**Data for the task:**
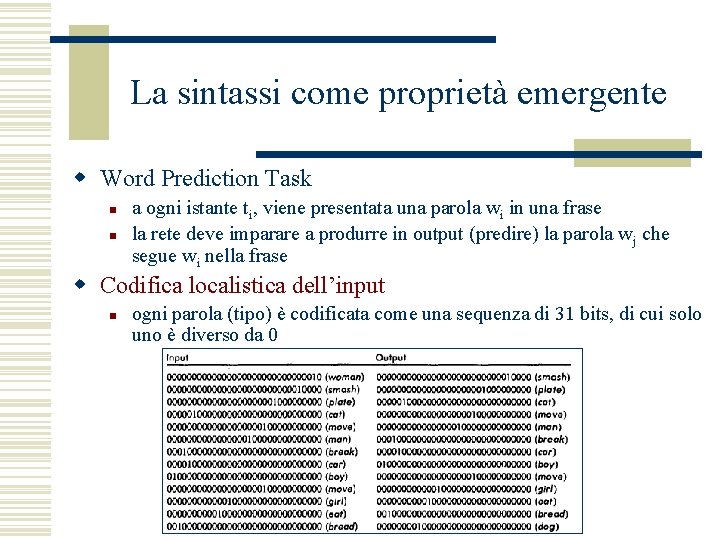 La sintassi come proprietà emergente w Word Prediction Task n n a ogni istante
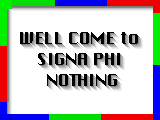 WELL COME to SIGNA PHI NOTHING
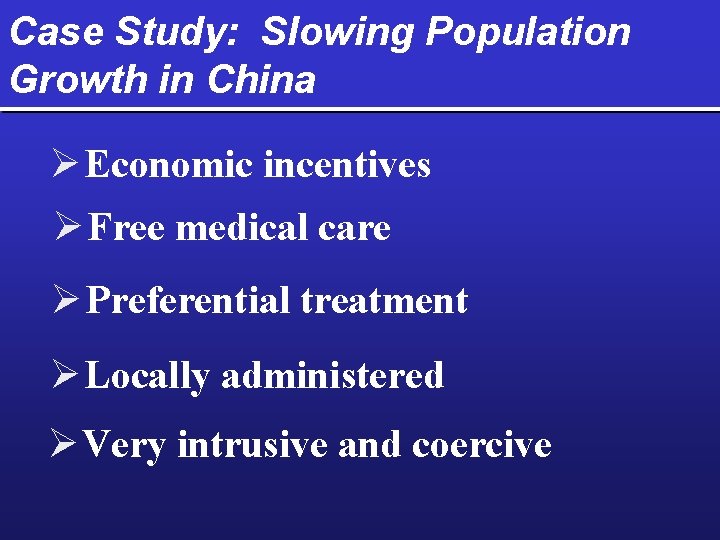 Case Study: Slowing Population Growth in China Ø Economic incentives Ø Free medical care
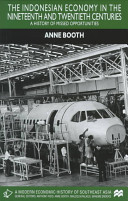 The Indonesian economy in the nineteenth and twentieth centuries : a history of missed opportunities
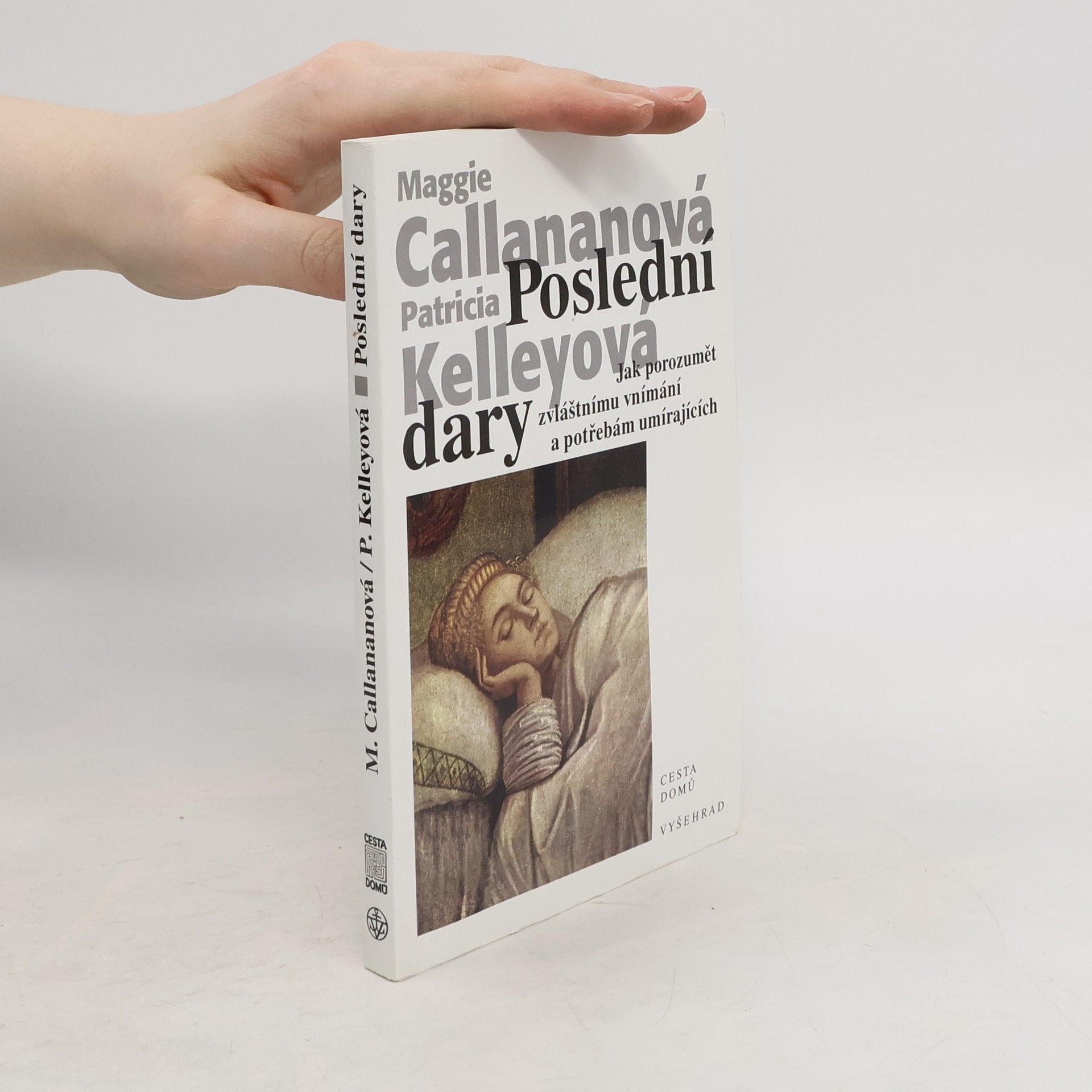 Maggie Callanan Poslední dary - Jak porozumět zvláštnímu vnímání a potřebám umírajících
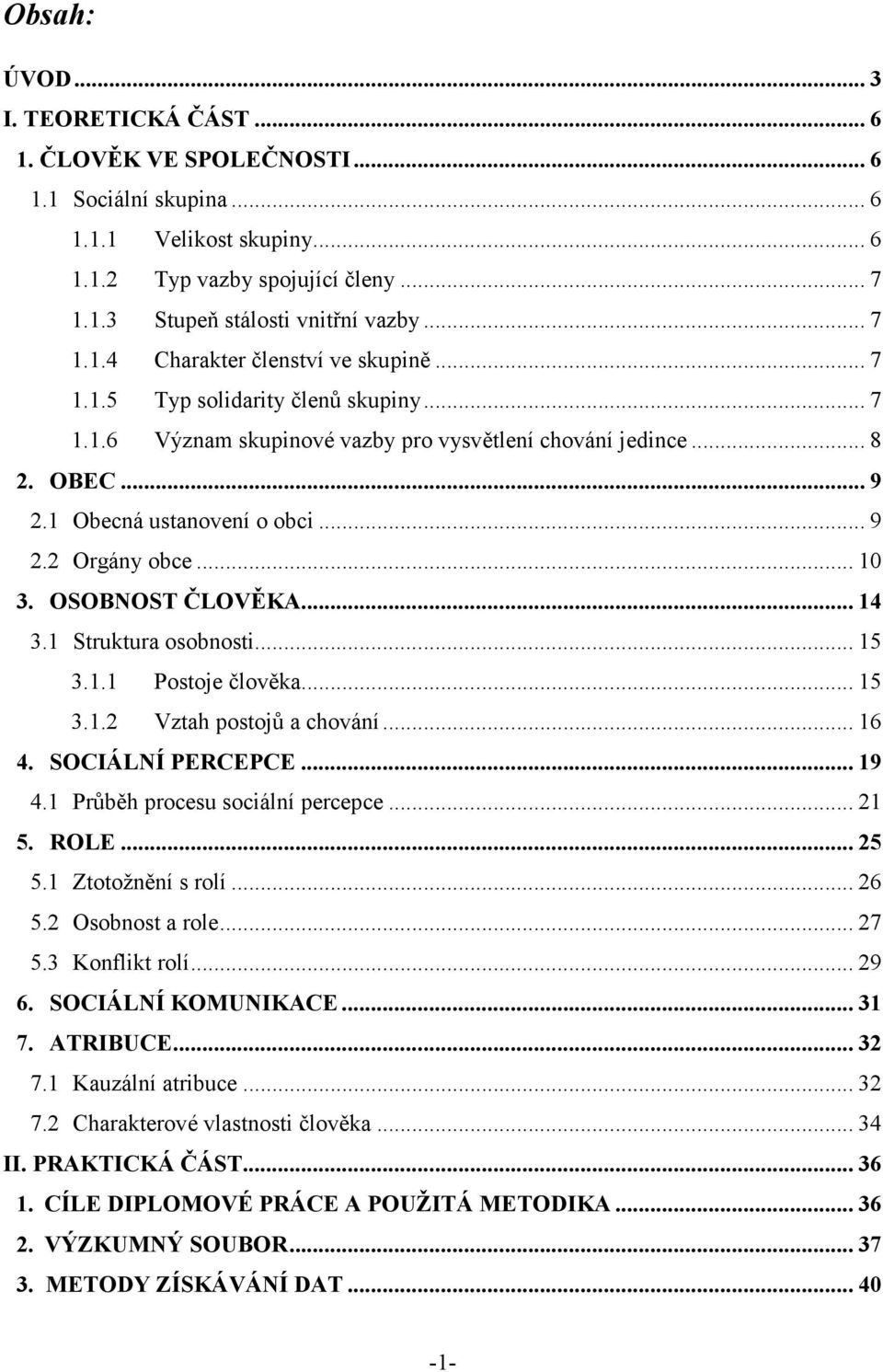 .. 10 3. OSOBNOST ČLOVĚKA... 14 3.1 Struktura osobnosti... 15 3.1.1 Postoje člověka... 15 3.1.2 Vztah postojů a chování... 16 4. SOCIÁLNÍ PERCEPCE... 19 4.1 Průběh procesu sociální percepce... 21 5.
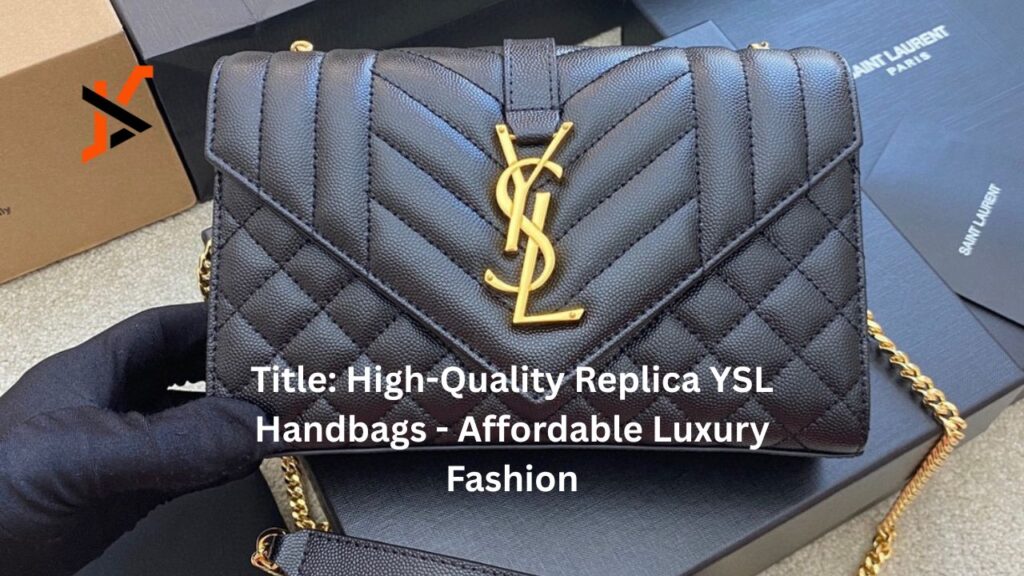 High-Quality Replica YSL Handbags – Affordable Luxury Fashion High-Quality Replica YSL Handbags - Affordable Luxury Fashion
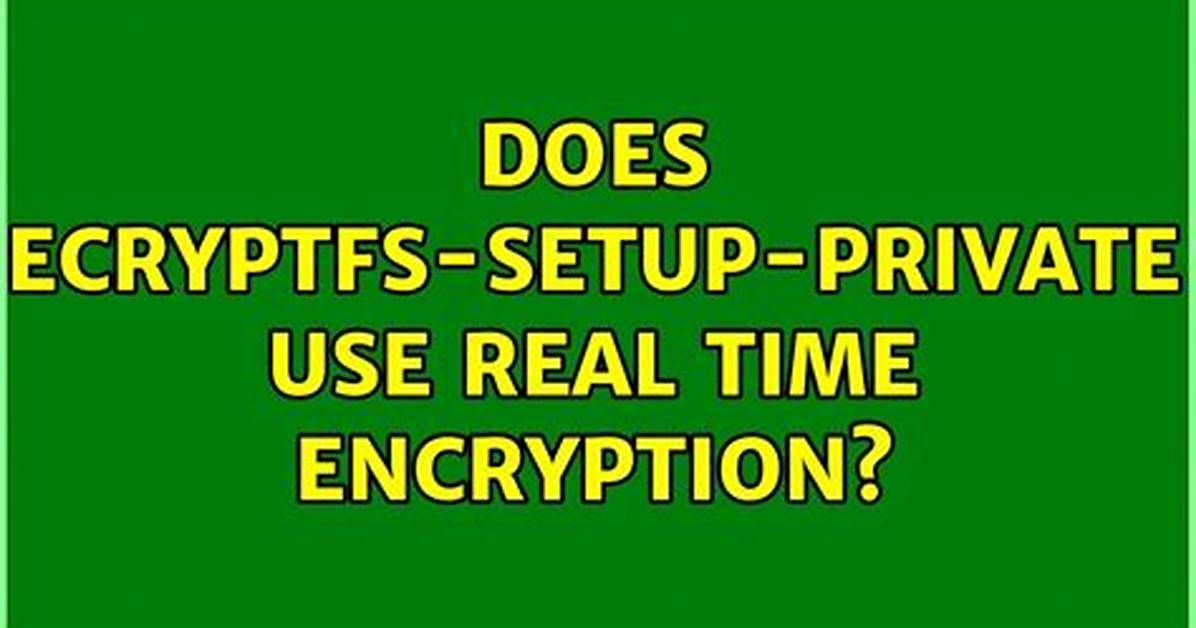 Does Ecryptfs-Setup-Private Use Real Time Encryption?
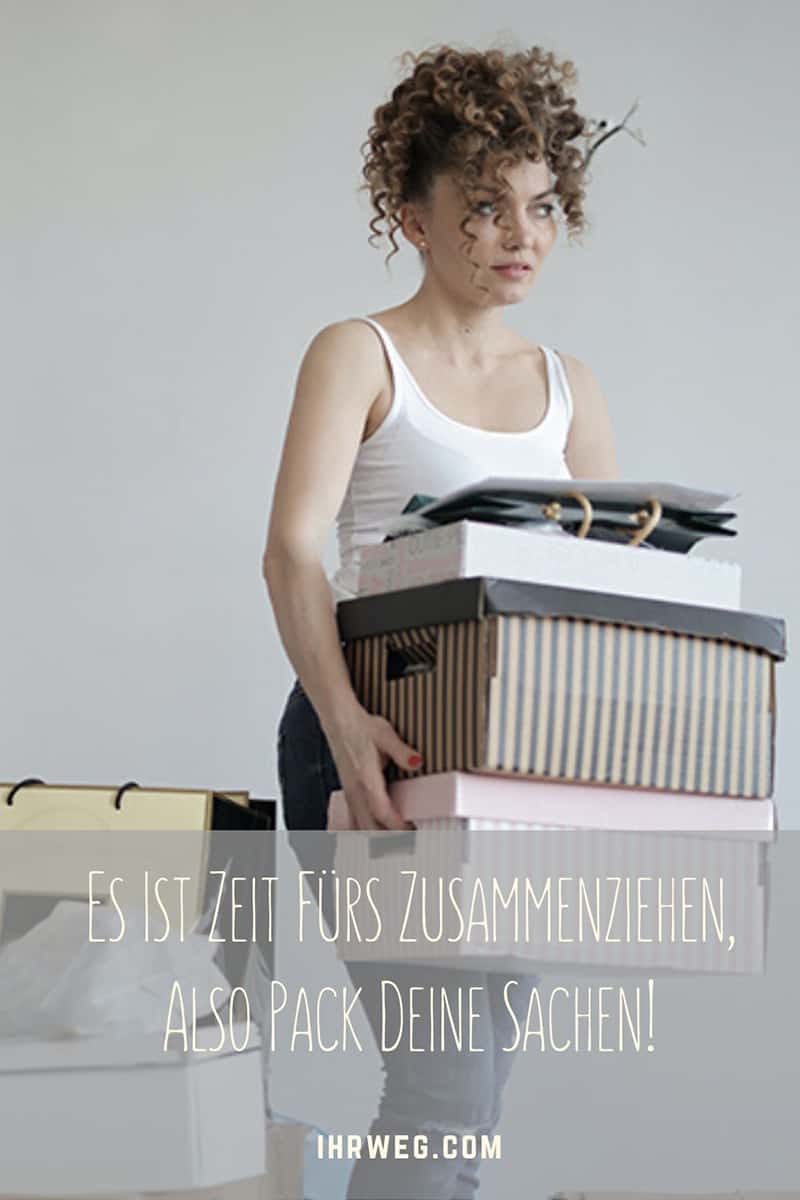 Es Ist Zeit Fürs Zusammenziehen, Also Pack Deine Sachen!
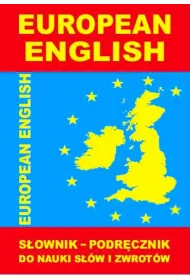 European English. S�ownik-podr�cznik do nauki s��w i zwrot�w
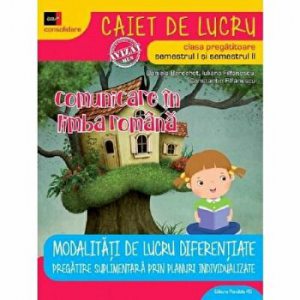 Comunicare in limba romana. Clasa pregatitoare. Modalitati de lucru diferentiate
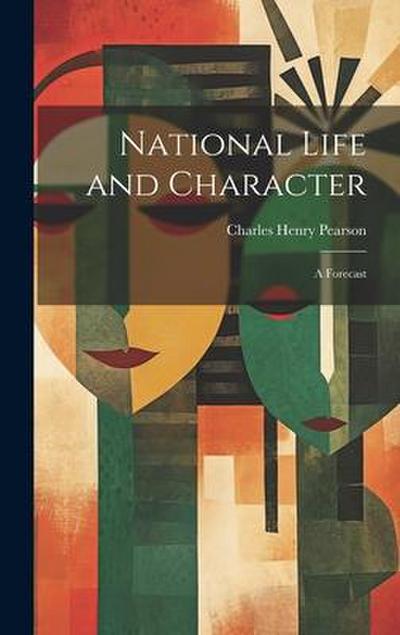 National Life and Character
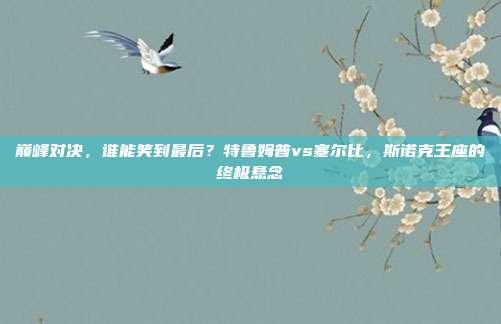巅峰对决，谁能笑到最后？特鲁姆普vs塞尔比，斯诺克王座的终极悬念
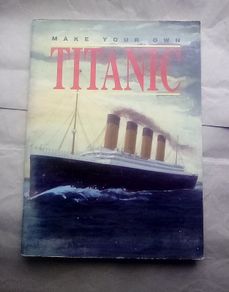 Craft Book: Make Your Own Titanic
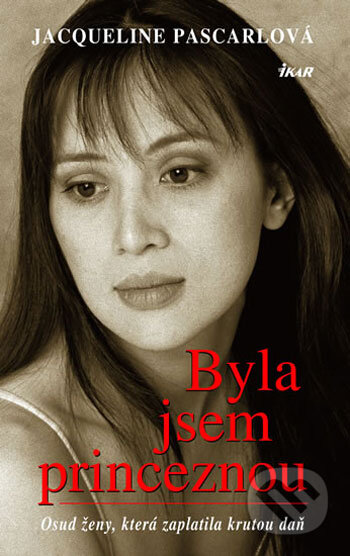 Kniha: Byla jsem princeznou (Jacqueline Pascarlová). Ikar CZ, 2006 Kniha: Byla jsem princeznou (Jacqueline Pascarlová). Ikar CZ, 2006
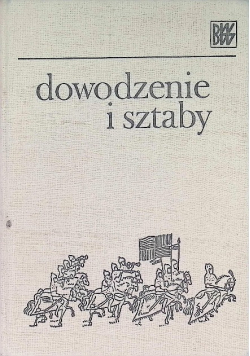 Dowodzenie i sztaby Tom I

**Task to complete:**
Every entry, word for word, should be given again; the pictures are not part of the copy.

**Solution to this exercise:**
 La sintassi come proprietà emergente w Word Prediction Task n n a ogni istante
 WELL COME to SIGNA PHI NOTHING
 Case Study: Slowing Population Growth in China Ø Economic incentives Ø Free medical care
 The Indonesian economy in the nineteenth and twentieth centuries : a history of missed opportunities
 Maggie Callanan Poslední dary - Jak porozumět zvláštnímu vnímání a potřebám umírajících
 .. 10 3. OSOBNOST ČLOVĚKA... 14 3.1 Struktura osobnosti... 15 3.1.1 Postoje člověka... 15 3.1.2 Vztah postojů a chování... 16 4. SOCIÁLNÍ PERCEPCE... 19 4.1 Průběh procesu sociální percepce... 21 5.
 High-Quality Replica YSL Handbags – Affordable Luxury Fashion High-Quality Replica YSL Handbags - Affordable Luxury Fashion
 Does Ecryptfs-Setup-Private Use Real Time Encryption?
 Es Ist Zeit Fürs Zusammenziehen, Also Pack Deine Sachen!
 European English. S�ownik-podr�cznik do nauki s��w i zwrot�w
 Comunicare in limba romana. Clasa pregatitoare. Modalitati de lucru diferentiate
 National Life and Character
巅峰对决，谁能笑到最后？特鲁姆普vs塞尔比，斯诺克王座的终极悬念
 Craft Book: Make Your Own Titanic
 Kniha: Byla jsem princeznou (Jacqueline Pascarlová). Ikar CZ, 2006 Kniha: Byla jsem princeznou (Jacqueline Pascarlová). Ikar CZ, 2006
 Dowodzenie i sztaby Tom I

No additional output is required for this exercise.